Los resultados pintan un cuadro claro y preocupante. Bajo cada escenario de calentamiento probado, el suelo de estos ecosistemas silvestres perdió carbono. No hubo ningún escenario en el que el suelo ganara suficiente carbono para compensar las pérdidas causadas por el calor. A medida que el calentamiento se intensificaba, las pérdidas crecían de forma más profunda y rápida. En el escenario más extremo que modelaron, donde las temperaturas aumentaron significánmente, el stock global de carbono en la capa superior del suelo cayó casi 18 petagramos. Para poner esto en perspectiva, es aproximadamente equivalente a la cantidad total de carbono liberado por todas las actividades humanas durante varios años, pero esta vez proveniente del propio suelo. Las pérdidas no se distribuyeron uniformemente; se concentraron en los bosques del Hemisferio Norte, particularmente en las vastas zonas boscosas del norte de América del Norte y Eurasia, así como en regiones de gran altitud como la meseta tibetana. Estas áreas, que actualmente almacenan cantidades inmensas de carbono, parecen ser las más sensibles al aumento del calor.

El estudio también reveló que no todos los paisajes reaccionan de la misma manera. Los bosques sufrieron las mayores pérdidas de carbono, seguidos por los pastizales y luego los matorrales. Esto tiene sentido al observar la mecánica del suelo: los bosques tienen capas ricas y profundas de materia orgánica que son altamente activas cuando se calientan, lo que provoca una liberación rápida de carbono. En contraste, las fuerzas impulsoras detrás de estos cambios fueron identificadas como la cantidad de crecimiento de las plantas y la temperatura promedio. Cuando las plantas crecen más, depositan más carbono en el suelo, pero cuando el aire se calienta, los microbios que descomponen ese carbono trabajan más rápido, liberándolo de nuevo al aire. En las simulaciones, la velocidad de descomposición superó la capacidad de las plantas para reemplazar el carbono perdido. Los investigadores encontraron que las propiedades del suelo, como la capacidad de los minerales de arcilla para retener el carbono, jugaron un papel, pero no pudieron detener la tendencia general de pérdida en un mundo en calentamiento.

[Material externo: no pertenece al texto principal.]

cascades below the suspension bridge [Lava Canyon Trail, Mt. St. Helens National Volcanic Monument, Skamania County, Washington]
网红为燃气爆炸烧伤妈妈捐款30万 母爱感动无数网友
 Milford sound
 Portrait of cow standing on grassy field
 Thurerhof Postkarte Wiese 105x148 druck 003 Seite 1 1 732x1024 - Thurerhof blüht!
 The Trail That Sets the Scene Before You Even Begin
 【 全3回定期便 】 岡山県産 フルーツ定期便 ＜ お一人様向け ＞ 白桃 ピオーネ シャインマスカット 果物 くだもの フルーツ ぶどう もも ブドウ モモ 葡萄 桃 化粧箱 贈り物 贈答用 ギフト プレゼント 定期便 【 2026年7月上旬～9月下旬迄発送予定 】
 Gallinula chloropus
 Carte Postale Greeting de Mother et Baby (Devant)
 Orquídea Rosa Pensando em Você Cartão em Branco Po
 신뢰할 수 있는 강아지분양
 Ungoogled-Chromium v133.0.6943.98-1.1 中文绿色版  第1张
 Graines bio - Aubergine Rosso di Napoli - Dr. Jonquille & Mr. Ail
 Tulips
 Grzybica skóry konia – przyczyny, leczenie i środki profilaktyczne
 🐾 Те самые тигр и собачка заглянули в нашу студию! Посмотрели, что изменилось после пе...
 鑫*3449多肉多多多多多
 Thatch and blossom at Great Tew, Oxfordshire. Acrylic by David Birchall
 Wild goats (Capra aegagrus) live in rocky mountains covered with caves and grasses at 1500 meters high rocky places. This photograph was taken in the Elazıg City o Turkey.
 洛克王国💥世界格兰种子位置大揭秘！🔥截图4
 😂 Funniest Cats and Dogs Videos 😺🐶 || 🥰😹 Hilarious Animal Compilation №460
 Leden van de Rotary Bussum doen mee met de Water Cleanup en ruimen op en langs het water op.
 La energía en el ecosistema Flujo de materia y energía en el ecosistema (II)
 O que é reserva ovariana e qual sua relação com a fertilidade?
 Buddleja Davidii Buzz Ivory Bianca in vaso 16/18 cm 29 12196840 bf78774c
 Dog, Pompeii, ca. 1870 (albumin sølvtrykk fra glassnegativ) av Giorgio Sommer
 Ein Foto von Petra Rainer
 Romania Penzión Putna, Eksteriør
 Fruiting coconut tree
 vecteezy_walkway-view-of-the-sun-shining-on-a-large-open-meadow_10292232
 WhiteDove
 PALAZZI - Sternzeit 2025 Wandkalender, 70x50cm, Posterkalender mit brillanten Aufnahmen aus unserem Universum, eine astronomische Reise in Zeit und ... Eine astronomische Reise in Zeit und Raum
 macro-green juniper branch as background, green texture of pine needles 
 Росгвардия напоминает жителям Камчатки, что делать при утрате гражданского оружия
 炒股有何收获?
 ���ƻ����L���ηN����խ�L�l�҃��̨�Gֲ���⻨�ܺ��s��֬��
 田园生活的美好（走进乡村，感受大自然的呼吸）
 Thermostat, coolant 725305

Si bien las simulaciones mostraron un patrón constante de pérdida, los investigadores señalaron que la incertidumbre en sus predicciones era mayor en las partes más frías y remotas del mundo, donde los datos son escasos. Esto sugiere que, aunque la tendencia general es clara, la cantidad exacta de carbono perdido en regiones específicas de altas latitudes podría ser incluso mayor de lo estimado. El estudio no pretendía haber resuelto el misterza del carbono del suelo, pero proporcionó un mapa mucho más nítido del riesgo. Demostró que el equilibrio natural de los suelos silvestres del mundo es frágil. A medida que el planeta se calienta, es probable que estos vastos reservorios se conviertan en fuentes de carbono en lugar de sumideros, creando un ciclo de retroalimentación donde el calentamiento provoca más liberación de carbono, lo que a su vez provoca más calentamiento. Los hallazgos sirven como un recordatorio contundente de que la estabilidad del clima global depende no solo de lo que emitimos, sino de cómo responden los propios sistemas de la Tierra al calor que ya hemos desatado.